Sophie Pemberton, Printemps, 1902

Sophie Pemberton, Spring (Printemps), 1902
Huile sur toile, 100,5 x 142,5 cm
Art Gallery of Greater Victoria

Dans ce tableau, une jeune femme est assise dans la lumière d’un soleil pommelé, auprès d’un bouquet de fleurs sauvages. Elle porte une jupe pratique et un chemisier bleu à manches longues sous un tablier blanc. Ses vêtements suggèrent qu’il s’agit d’une domestique, mais l’identité du modèle demeure inconnue.

 

Malgré un séjour dans un sanatorium californien au début de l’année 1901 à cause de sa santé précaire, Pemberton est productive pendant les deux années où elle demeure à Victoria, de 1900 à 1902. Au cours de l’été 1901, elle exécute une série de croquis représentant une jeune femme habillée de manière identique. Dans la première toile qu’elle réalise, John O’Dreams (John le rêveur), 1901, elle est assise dans l’herbe, un livre ouvert sur les genoux, dans l’ombre bigarrée de l’été. Un jeune garçon est allongé près d’elle, il écoute peut-être, mais son regard est lointain.

 

En 1902, Pemberton reprend son modèle dans quatre autres toiles. La femme est toujours contemplative, mais dans Autumn (Automne), elle apparaît à côté d’un panier à lattes de bois renversé et d’une pile de poires tombées. Dans Untitled (Sans titre), elle est assise dans un jardin anglais. Pemberton retravaille Automne cinq ans plus tard et l’intitule Penumbra (Pénombre), 1907, disposant la figure mélancolique entre lumière et ombre dans une scène qui évoque possiblement des bouleversements émotionnels.

 

Sophie Pemberton, Penumbra (Pénombre), 1907, huile sur toile, 94 x 134,5 cm, collection privée.
Marie Bashkirtseff, Printemps, 1884, huile sur toile, Musée russe, Saint-Pétersbourg. 

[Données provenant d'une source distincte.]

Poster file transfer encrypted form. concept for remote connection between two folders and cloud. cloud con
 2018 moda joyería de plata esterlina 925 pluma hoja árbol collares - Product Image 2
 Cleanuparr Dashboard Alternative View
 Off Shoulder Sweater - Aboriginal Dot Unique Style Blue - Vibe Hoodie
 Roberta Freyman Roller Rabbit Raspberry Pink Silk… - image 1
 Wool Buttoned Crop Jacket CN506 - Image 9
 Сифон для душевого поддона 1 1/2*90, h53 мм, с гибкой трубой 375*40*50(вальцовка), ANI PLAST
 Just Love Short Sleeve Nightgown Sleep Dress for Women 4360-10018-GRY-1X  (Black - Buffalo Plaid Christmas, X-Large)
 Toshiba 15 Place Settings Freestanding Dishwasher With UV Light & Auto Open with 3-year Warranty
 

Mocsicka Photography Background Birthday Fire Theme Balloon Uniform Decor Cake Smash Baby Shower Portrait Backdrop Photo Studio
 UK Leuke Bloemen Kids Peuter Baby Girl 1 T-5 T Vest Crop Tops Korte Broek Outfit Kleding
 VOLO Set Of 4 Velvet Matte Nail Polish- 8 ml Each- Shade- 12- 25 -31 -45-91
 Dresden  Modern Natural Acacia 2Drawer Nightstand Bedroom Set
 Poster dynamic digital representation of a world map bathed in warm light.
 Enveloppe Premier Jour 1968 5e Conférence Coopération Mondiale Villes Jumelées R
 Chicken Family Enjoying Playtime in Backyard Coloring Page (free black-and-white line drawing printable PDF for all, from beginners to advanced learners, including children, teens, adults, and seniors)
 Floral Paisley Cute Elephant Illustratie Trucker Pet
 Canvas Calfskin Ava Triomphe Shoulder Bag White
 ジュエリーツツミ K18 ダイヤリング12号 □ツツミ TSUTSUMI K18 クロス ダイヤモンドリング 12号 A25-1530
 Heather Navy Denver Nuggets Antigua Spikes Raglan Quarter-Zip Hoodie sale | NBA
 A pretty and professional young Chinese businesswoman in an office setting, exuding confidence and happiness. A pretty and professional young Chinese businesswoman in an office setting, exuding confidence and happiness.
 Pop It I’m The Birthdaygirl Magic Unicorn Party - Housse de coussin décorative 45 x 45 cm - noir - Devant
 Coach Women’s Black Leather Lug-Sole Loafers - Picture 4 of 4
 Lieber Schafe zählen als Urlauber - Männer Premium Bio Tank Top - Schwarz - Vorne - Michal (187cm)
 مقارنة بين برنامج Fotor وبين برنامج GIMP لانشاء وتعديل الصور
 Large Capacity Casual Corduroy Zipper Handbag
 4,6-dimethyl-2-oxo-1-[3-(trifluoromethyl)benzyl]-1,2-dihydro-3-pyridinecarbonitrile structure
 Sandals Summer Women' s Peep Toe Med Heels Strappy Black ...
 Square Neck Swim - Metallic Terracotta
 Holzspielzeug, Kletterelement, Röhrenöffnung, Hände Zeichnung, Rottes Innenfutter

Printemps est la composition la plus puissante de la série et révèle que Pemberton maîtrise tant le portrait que le paysage, intégrant la figure dans un cadre extérieur, une technique qu’elle a utilisée dans Un retour de l’école (ou Little Boy Blue), 1897. Une revue contemporaine note que Printemps démontre « manifestement l’influence de l’école française sur le style de Mlle Pemberton. Les couleurs sont discrètes et les rapports entre l’ombre et la lumière sont rendus de manière très subtile ». Fascinée par les jeux de lumière, Pemberton travaille désormais dans un style impressionniste : l’arrière-plan est rendu par de grands coups de pinceau imprécis, bien que, dans le style canadien, la figure soit délimitée plus clairement.

 

En 1903, Pemberton envoie ce tableau dans une exposition à Newcastle, en Angleterre, puis en Colombie-Britannique en 1904, d’abord à Victoria lors de l’exposition agricole provinciale, avec trente autres de ses œuvres, et par la suite à une exposition individuelle au Blomfield Studio à Vancouver. Il traverse ensuite l’Atlantique avec elle jusqu’en Angleterre, où elle le conserve dans sa collection, l’exposant en évidence partout où elle vit. Après son retour au Canada en 1949, Printemps apparaît dans plusieurs rétrospectives jusqu’à la fin de sa vie et, plus tard, dans des expositions sur l’impressionnisme canadien.

 

Marie Bashkirtseff (1858-1884), une ancienne élève russe très en vue de l’Académie Julian, peint Printemps, 1884, une scène aux composantes similaires. La description qu’elle en fait dans son journal publié à titre posthume ressemble à celle du Printemps de Pemberton : « Une femme appuyée à un arbre, les yeux clos et souriant comme dans un beau rêve. Et tout autour un paysage délicat, des verts tendres, des roses pâles, des pommiers […] Je veux là du soleil et je le ferai à Nice dans un verger. » Des générations d’artistes en herbe ont lu le journal de Bashkirtseff, et Pemberton le connaissait certainement.